How to Draw Grassy Hills
This week’s Tuesday Tutorial: How to Draw Grass on Sanded Art Paper focuses on how to draw grassy hills that aren’t up close; there will be some detail, but not as much as you’re used to seeing in my tutorials. To read the previous posts in this series, click the links below.
Step 1: Rough in the darkest shadows.
Stroke along the contours of each hill, but don’t get bogged down in detail, to establish the shadows and suggest the shapes of the hills. Feel free to change the shapes or positions of these hills to suit your own vision for the drawing.
Step 2: Glaze the hills with base color.
If you have a green that is a better match than either of these two colors, use it. Draw each hill separately and stroke along the contours of the hills with light pressure and a blunted pencil.
A Word about Pencil Strokes
Next, use a stiff, bristle brush to dry blend the color, using medium pressure and strokes along the curves of the hills; you can also combine the strokes or use any other stroke that helps you achieve the look you want.
Step 3: Dry blend pigment dust into the color layer.
Drawing on sanded paper produces pigment dust, which you can either brush off or work into the paper. If we were drawing a fall scene, all we’d need to do is deepen shadows, add details, and maybe a few highlights.
Step 4: Layer green over the base color.
Using a blunt pencil and short, horizontal strokes, layer Chartreuse over the foreground, leaving lots of open space (with paper and shadows showing through). Darken the shadow on the hill immediately in front of the trees with Olive Green.
Step 5: Continue darkening shadows and developing color.
Don’t worry about the details; focus on getting the image’s color and value right first. Feel free to experiment with different strokes. In the lower right corner, I tried drawing directional, grass-like strokes with Olive Green, but it didn’t accomplish much.
Step 6: Add a warm, neutral color to keep the greens from getting too bright.
Next, use Cream to lighten and warm the green in the hill directly in front of the trees. I used a long stroke to draw along the slope of the hill that faced the light source (the sun) most directly, using medium to slightly heavier pressure and careful stroking to create even color.
Step 7: To dry blend or not to dry blend.
Start blending the colors together with a stiff bristle brush, blending the lightest areas first, then moving on to the next darkest areas.

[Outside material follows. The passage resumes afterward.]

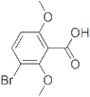 3-Bromo-2,6-dimethoxybenzoic acid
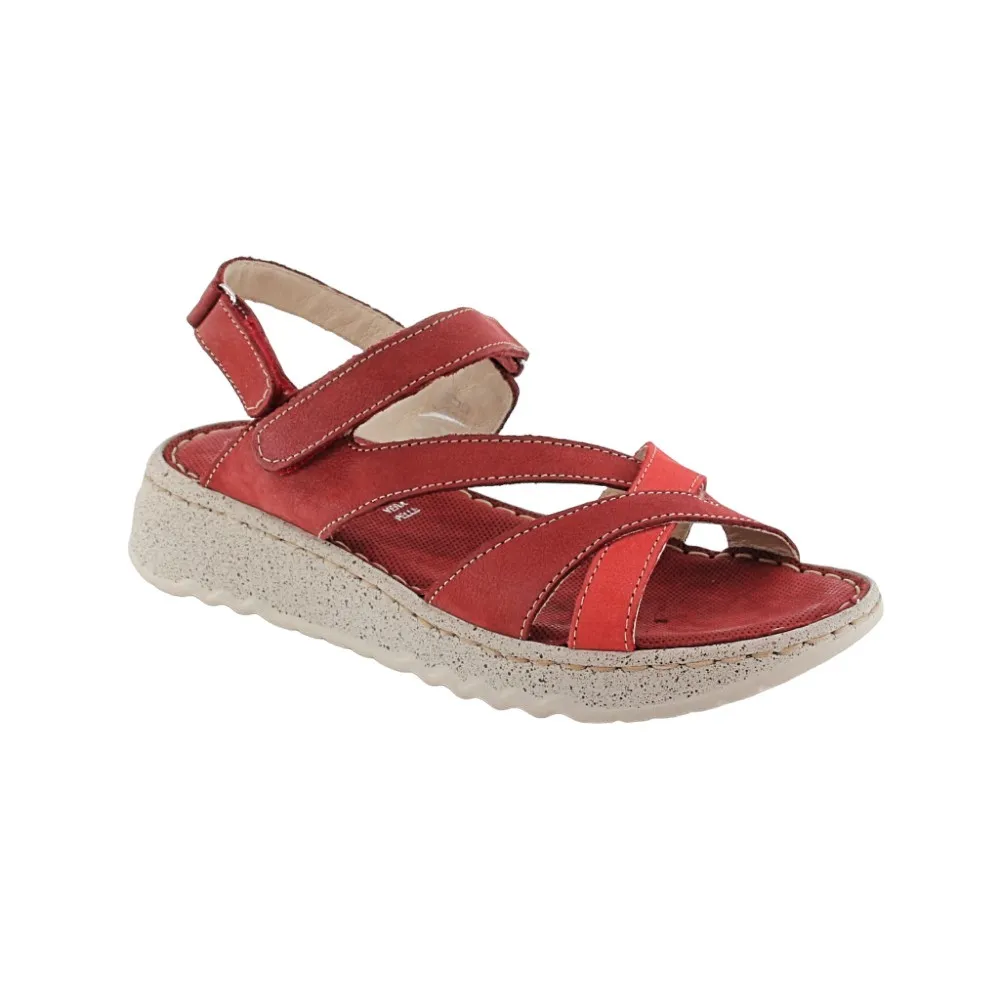 Sandalias Walk 48510 Rojo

This is important because unwanted dark colors will show up in the highlights.
How do I draw Hills?
On a map, there are four different ways to draw hills.

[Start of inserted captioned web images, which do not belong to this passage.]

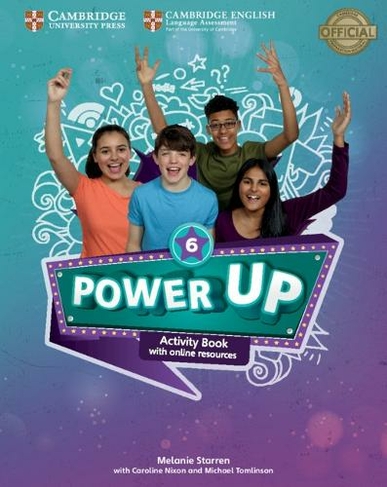 Power Up Level 6 Activity Book with Online Resources and Home Booklet: (Cambridge Primary Exams)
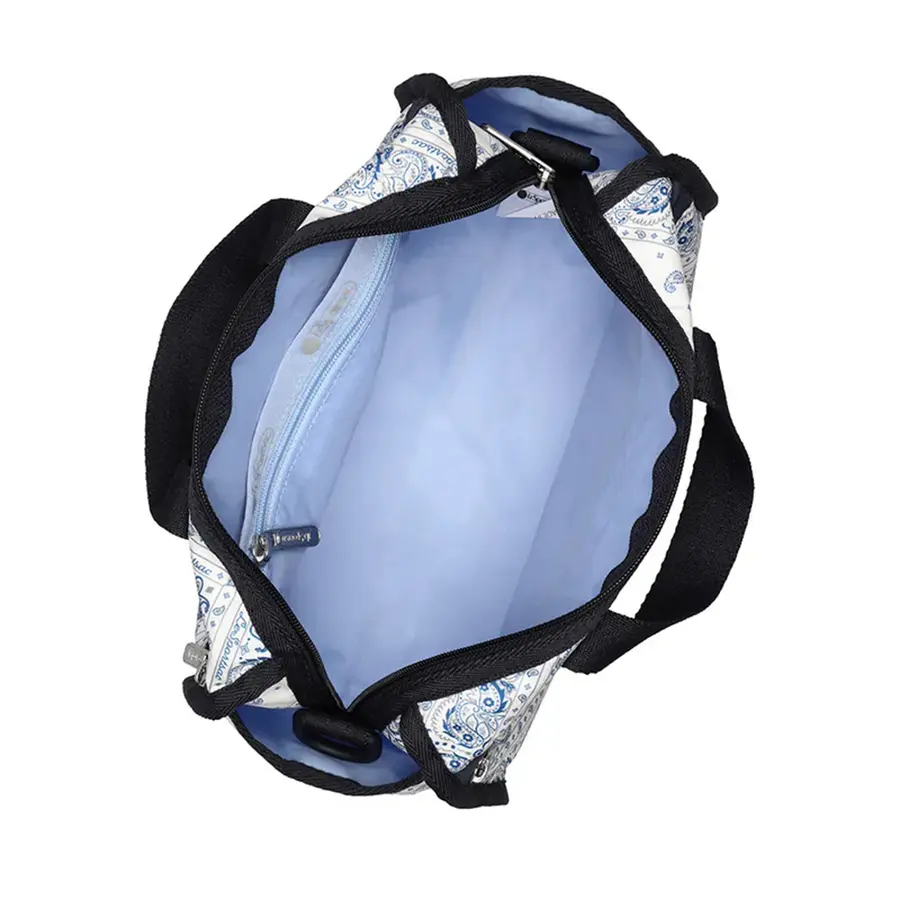 Lesportsac Mini Duffel Crossbody 迷你筒狀肩背包 / 微風織語, , large
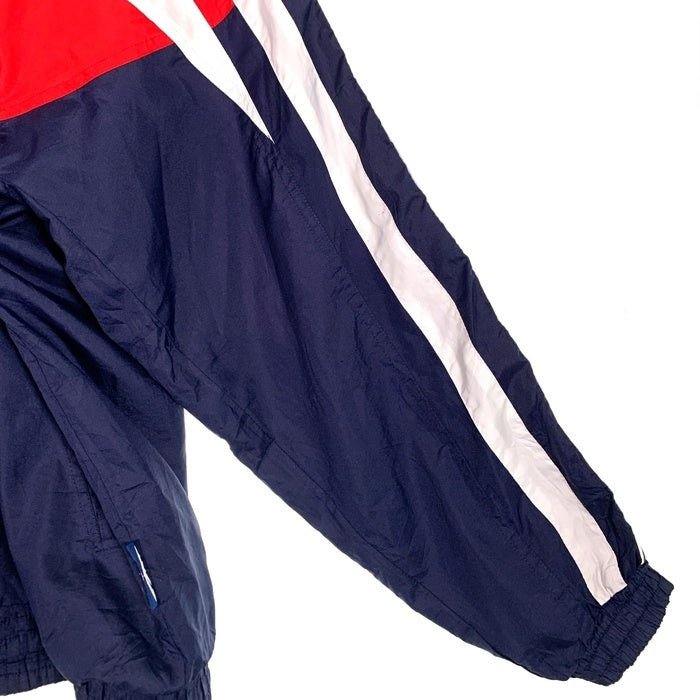 00's UMBRO アンブロ トラックジャケット ポリエステル ネイビー レッド ホワイト  Size XL 福生店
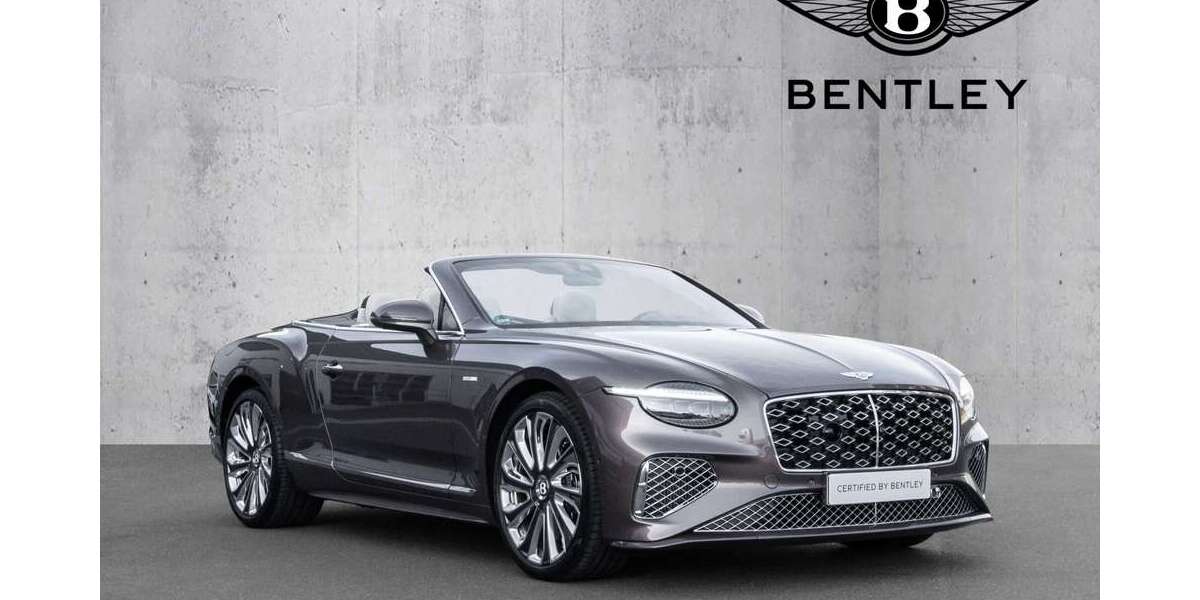 Bentley Continental GTC 4.150 km 344.900 € Köln 50827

- Draw hills with simple lines to show the slope.
- Begin with lines that indicate the hill’s edges.
- Add form to the hills with overlay layers.
- Use lines to pick out the form of the hills from a 3/4 perspective.
- Shade your hills and give them form with overlay layers.
How do you draw a grassy hill?
Grassy Hills: A Step-by-Step Guide
- Step 1: Rough in the darkest shadows.
- Step 2: Glaze the hills with base color.
- Step 3: Blend pigment dust into the color layer with a dry brush.
- Step 4: Layer green over the base color.
How do you draw Hills digitally?
Let’s get started!
- Paint a gradient with the sky color at the top and the hill color at the bottom, using a large airbrush.
- Shade to suggest the hill shape.
- Define the form.
- Start adding texture.
- Continue adding texture.
How do you shade a hill?
After that, lightly shade in the mountains on the left with an HB pencil, progressively shading the shadows of the foremost mountain. Try to give your shading uniform direction instead of just scribbling.
What are the 7 elements of art?
COLOR, FORM, LINE, SHAPES, SPACE, TEXTURE, AND VALUE ARE THE VISUAL ELEMENTS OF ART.
Should the foreground be lighter or darker?
6. As elements recede into the distance, paint them at a much smaller scale than objects in the foreground, using cooler colors to push them further into the background and warmer, darker colors to bring them forward into the foreground.
How do I paint my grass background?
Using directional brushwork that matches the form and movement of the grass is a simple but effective technique. For example, if the grass is pointing upwards, use upwards brushwork; if there is a strong wind blowing the grass to the left, work your brush to the left in the same way.